Rimane a dire del presunto sesto gruppo, che ha per principale rappresentante il nama o namáqua, più comunemente conosciuto sotto il nome di ottentotto, voce questa di origine olandese (hottentot) che significa "persona balbuziente"; sta di fatto che gli Ottentotti, oltre i suoni articolati con espulsione d'aria, ne hanno altri formati con un'aspirazione boccale, tanto che il Dapper diceva la loro lingua assomigliare più al chioccolio dei gallinacci che ad articolazioni umane. I Nama abitano oggi tra il 24° lat. sud e il corso inferiore del fiume Orange; sono i principali avanzi dei popoli stabiliti in antico a sud dello Zambesi e del Cunene, schiacciati poi dall'irrompere dei Bantu da nord e dall'espansione degli Europei dal Capo di Buona Speranza. Etnicamente, non hanno nulla di camitico. La loro attribuzione linguistica al gruppo camitico, fermamente sostenuta dal Meinhof e da altri dotti, segnatamente in Germania, è fortemente contestata; si preferisce invece collegare il nama coi linguaggi, ancora imperfettissimamente noti, dei Boscimani, e si ammette tutt'al più qualche influenza camitica. Se così fosse, l'esistenza di tracce linguistiche camitiche nel fondo dell'Africa australe sarebbe la più singolare manifestazione del fatto che nelle prime età i Camiti costituirono la grande forza civilizzatrice dell'Africa negra; ma la cosa richiede maggior esame.
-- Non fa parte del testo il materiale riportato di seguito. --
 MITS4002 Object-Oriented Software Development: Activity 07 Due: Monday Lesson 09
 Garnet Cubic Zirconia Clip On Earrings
Bibl.: L. Reinisch, Die sprachliche Stellung des Nuba, Vienna 1911; C. Meinhof, Die Sprachen der Hamiten, Amburgo 1912; A. Werner, Language families of Africa, 1925; Les langues du monde, sotto la direzione di A. Meillet e M. Cohen, Parigi 1924; per i rapporti fra il gruppo semitico e il camitico, v. A. Trombetti, Elementi di glottologia, Bologna 1912, pp. 38-53, 338-354, con la bibliografia ivi citata.